Stored items from a collection:
────────────────────────────────────────
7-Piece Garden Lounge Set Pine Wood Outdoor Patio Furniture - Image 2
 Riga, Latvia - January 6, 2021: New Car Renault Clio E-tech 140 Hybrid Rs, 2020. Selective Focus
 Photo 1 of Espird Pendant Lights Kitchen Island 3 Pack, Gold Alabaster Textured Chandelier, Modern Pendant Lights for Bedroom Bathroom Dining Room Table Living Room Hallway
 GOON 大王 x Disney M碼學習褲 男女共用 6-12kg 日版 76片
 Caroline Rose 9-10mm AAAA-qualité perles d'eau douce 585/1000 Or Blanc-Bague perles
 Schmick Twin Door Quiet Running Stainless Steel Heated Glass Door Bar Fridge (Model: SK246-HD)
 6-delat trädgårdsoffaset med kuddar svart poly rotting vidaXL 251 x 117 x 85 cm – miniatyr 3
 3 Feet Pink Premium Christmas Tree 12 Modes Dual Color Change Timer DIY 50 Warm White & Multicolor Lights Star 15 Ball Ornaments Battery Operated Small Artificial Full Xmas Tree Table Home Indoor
────────────────────────────────────────
**Directions for this task**
If a line in the data above holds the string "Lights", report that line.

**Answer for this exercise**
 Photo 1 of Espird Pendant Lights Kitchen Island 3 Pack, Gold Alabaster Textured Chandelier, Modern Pendant Lights for Bedroom Bathroom Dining Room Table Living Room Hallway
 3 Feet Pink Premium Christmas Tree 12 Modes Dual Color Change Timer DIY 50 Warm White & Multicolor Lights Star 15 Ball Ornaments Battery Operated Small Artificial Full Xmas Tree Table Home Indoor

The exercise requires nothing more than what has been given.